A Fall From Grace
In short, it’s nuts.
Some kinds of bores you will tolerate, and other kinds you will not. "The Mosquito Coast" has the misfortune to be about the second kind of bore - about a man who is zealous in the pursuit of his obsessions long, long after they have ceased to interest anyone else.
The man's name is Allie Fox, and he is convinced that American civilization is coming apart at the seams. Acting on his fears, Fox packs up his wife and children and moves them into the rain forests of Central America, where he plans to establish a new civilization. This man is not without intelligence. He has invented, for example, a new kind of machine for making ice, and nobody can say he is not handy with his hands. But he shares the common fault of many utopians: He wants to create a society in which men will be free - but free only in the way he thinks they should be free.

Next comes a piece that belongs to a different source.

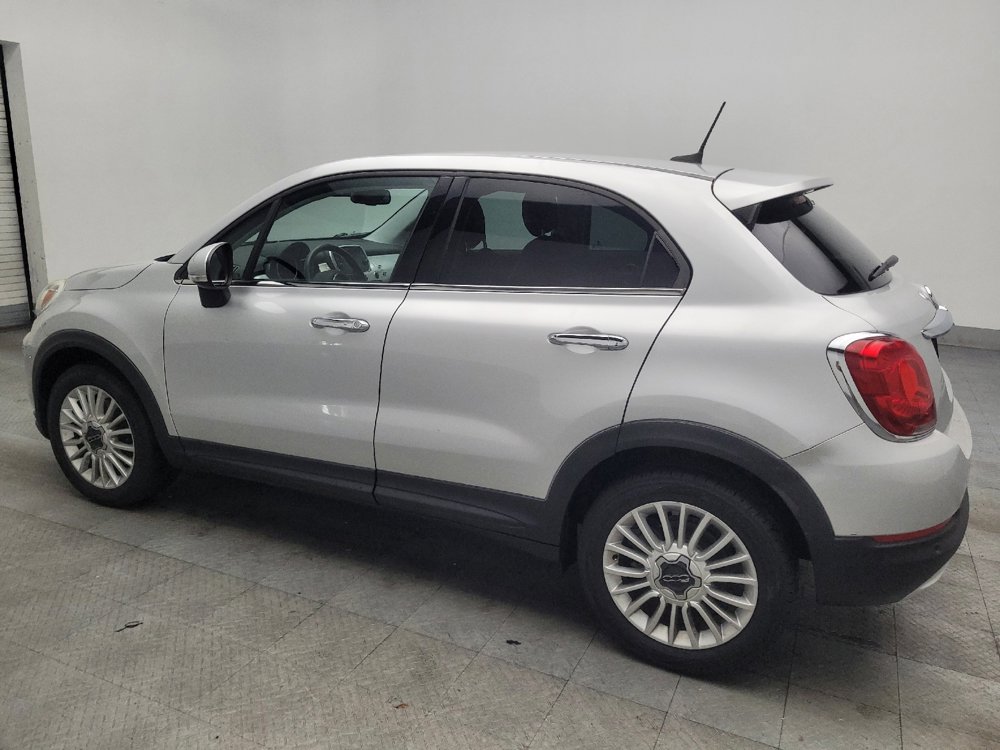 Used 2018 FIAT 500X Lounge w/ Advanced Safety Package image 3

Fox is played in "The Mosquito Coast" by Harrison Ford, and it is one of the ironies of the movie that he does very good work. Ford gives us a character who has tunnel vision, who is uncaring toward his family or anyone else, who is totally lacking in a sense of humor, who is egocentric to the point of madness. It is a brilliant performance - so effective, indeed, that we can hardly stand to spend two hours in the company of this consummate jerk.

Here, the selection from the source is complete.